Return, word for word, every entry in the listing below, but not its images.

= = = = =

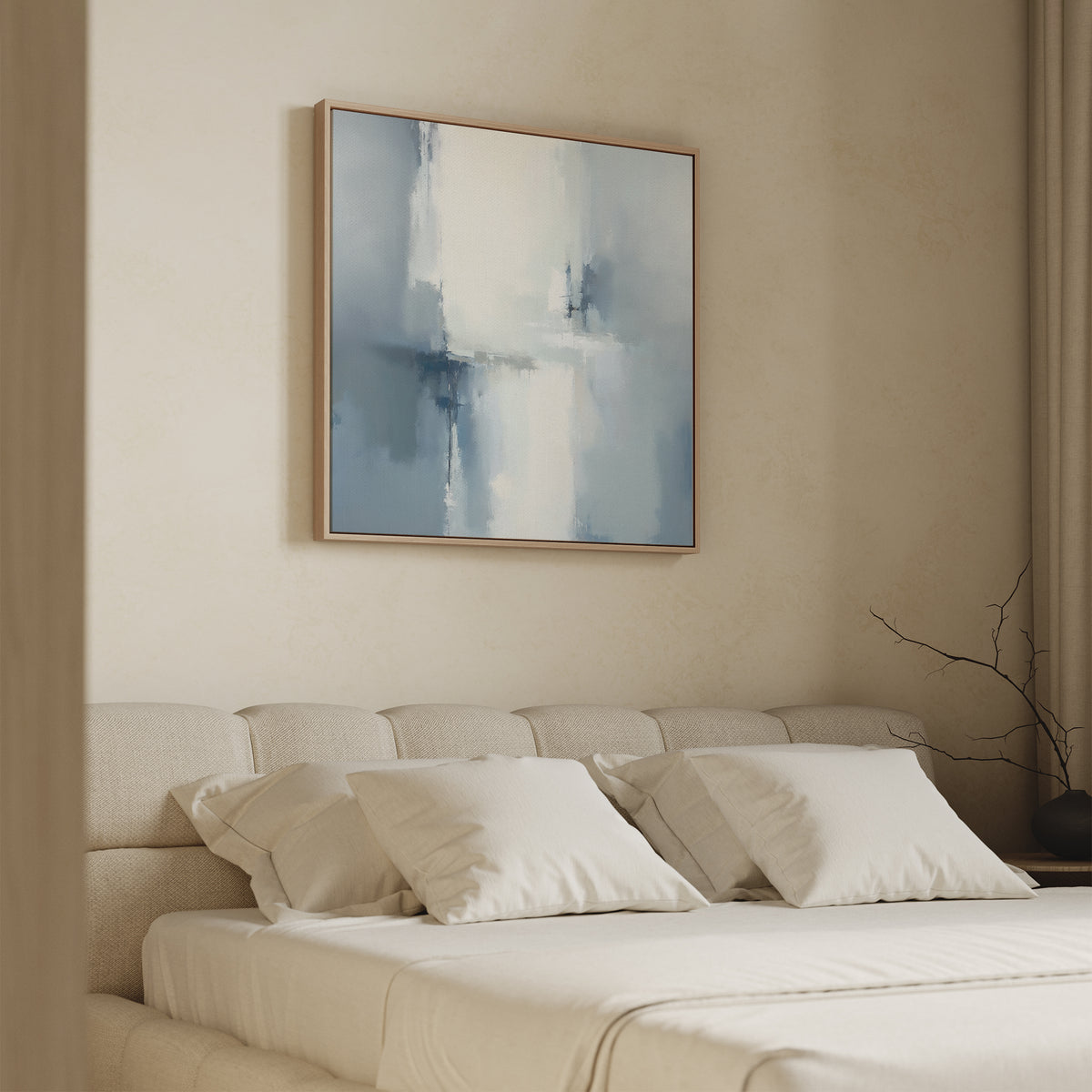 A minimalist bedroom features a cream upholstered bed with white pillows. Above the bed, the Silver Cross Formation Canvas Art - Square in soft blue and white tones creates a serene focal point. A dark vase with bare branches sits on the nightstand.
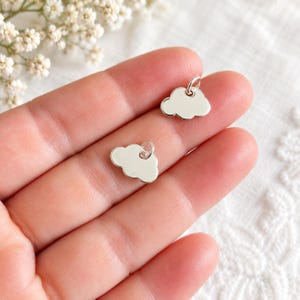 Puede incluir: Dos pequeños dijes en forma de nube de color plateado pulido, cada uno con una superficie lisa y reflectante y una argolla circular unida en la parte superior para colgar. Estos colgantes metálicos de nube tienen bordes redondeados.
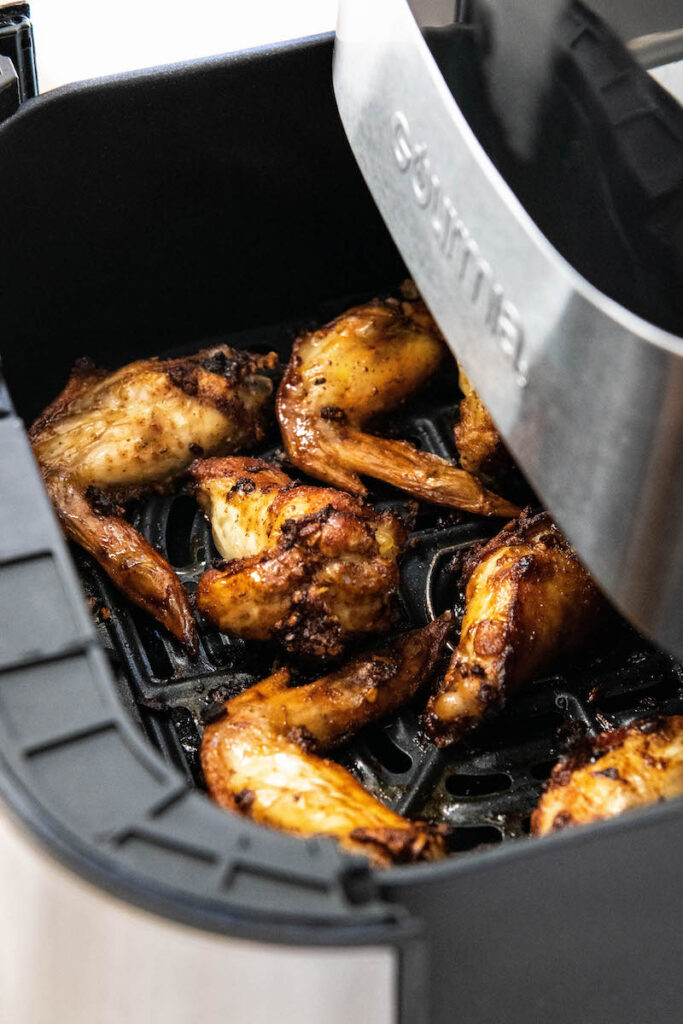 A close up shot shows the chicken is fully cooked in the air fryer.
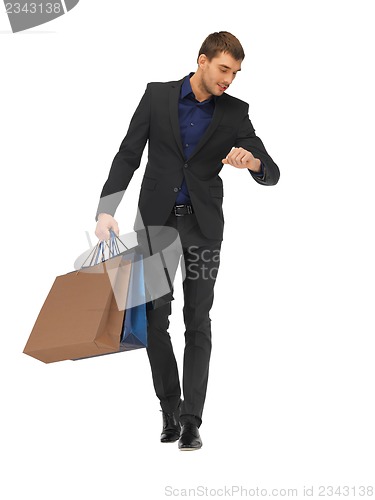 Image of handsome man in suit with shopping bags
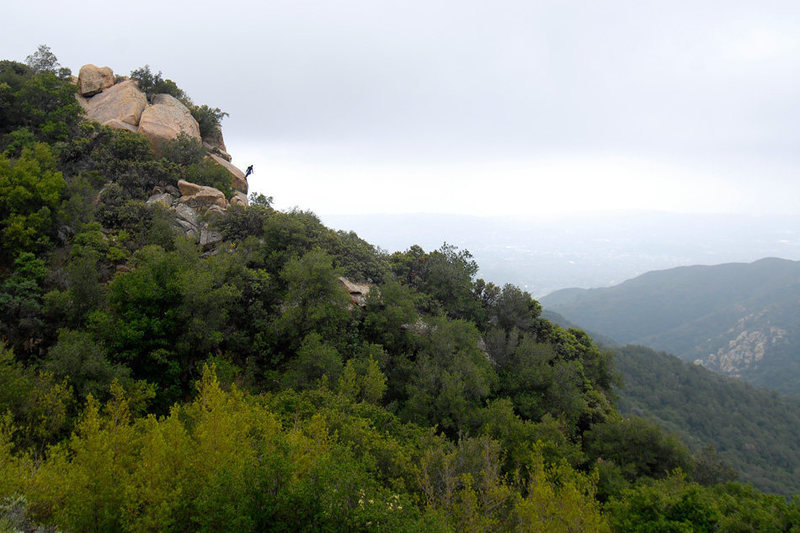 A climber hangs off the top of T-Crack, at Gibraltar Rock, as he belays his second.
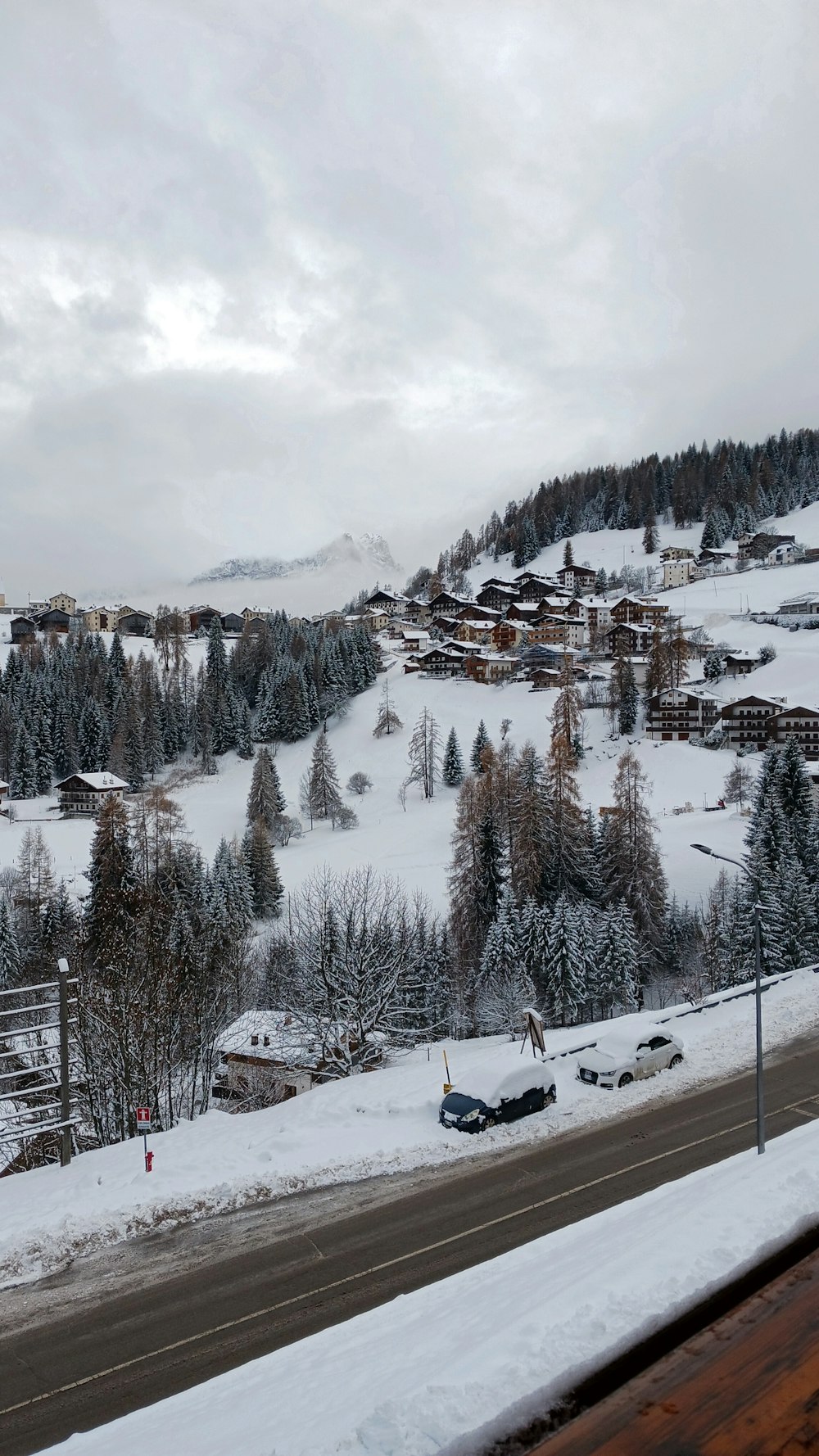 a view of a snowy mountain town from a highway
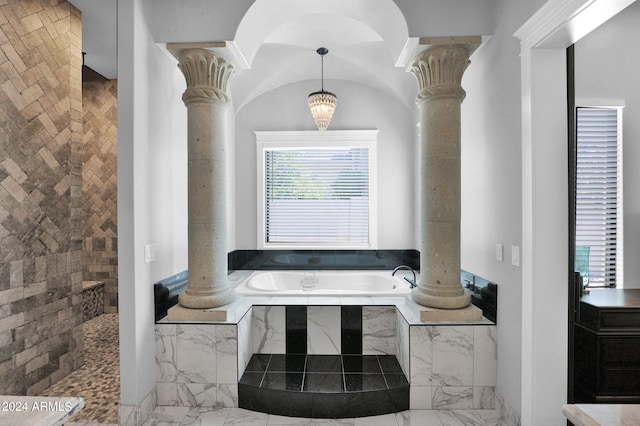 bathroom featuring ornate columns and tiled bath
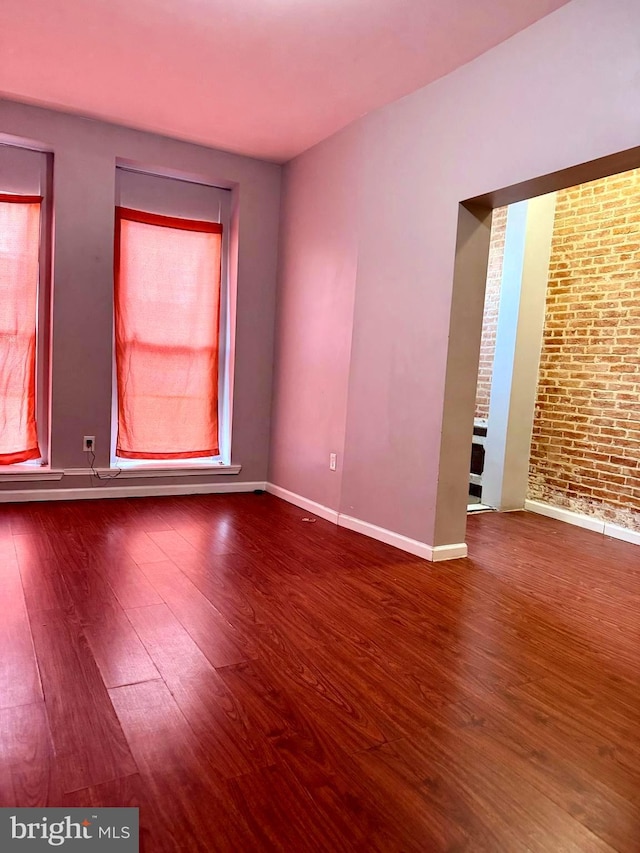 unfurnished room with baseboards, wood finished floors, and brick wall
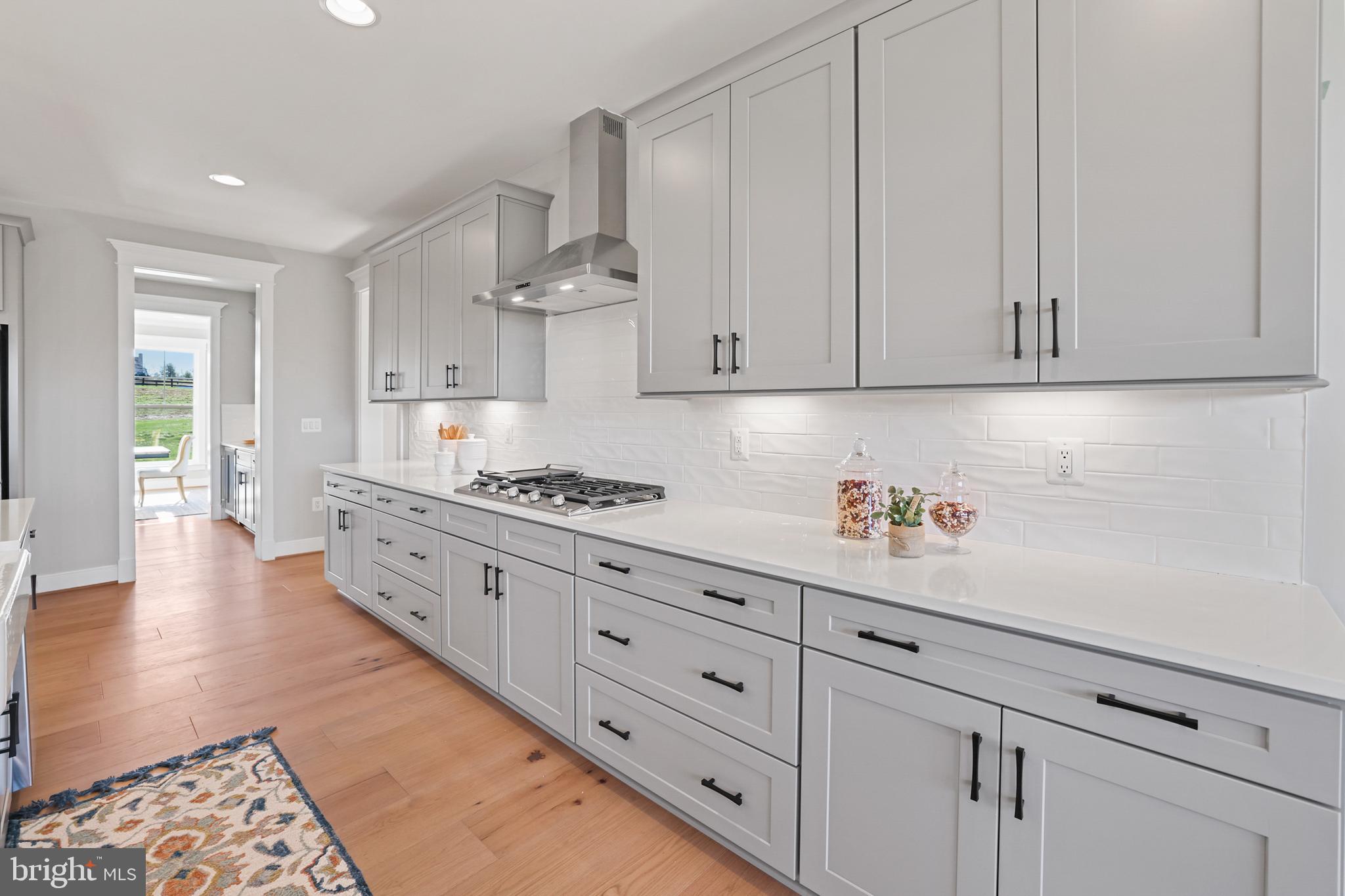 17628 Bates Drive Hamilton, VA 20158 - Photo 6 of 57 a kitchen with granite countertop white cabinets and stainless steel appliances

= = = = =

- **PROBLEM SOLUTION**
 A minimalist bedroom features a cream upholstered bed with white pillows. Above the bed, the Silver Cross Formation Canvas Art - Square in soft blue and white tones creates a serene focal point. A dark vase with bare branches sits on the nightstand.
 Puede incluir: Dos pequeños dijes en forma de nube de color plateado pulido, cada uno con una superficie lisa y reflectante y una argolla circular unida en la parte superior para colgar. Estos colgantes metálicos de nube tienen bordes redondeados.
 A close up shot shows the chicken is fully cooked in the air fryer.
 Image of handsome man in suit with shopping bags
 A climber hangs off the top of T-Crack, at Gibraltar Rock, as he belays his second.
 a view of a snowy mountain town from a highway
 bathroom featuring ornate columns and tiled bath
 unfurnished room with baseboards, wood finished floors, and brick wall
 17628 Bates Drive Hamilton, VA 20158 - Photo 6 of 57 a kitchen with granite countertop white cabinets and stainless steel appliances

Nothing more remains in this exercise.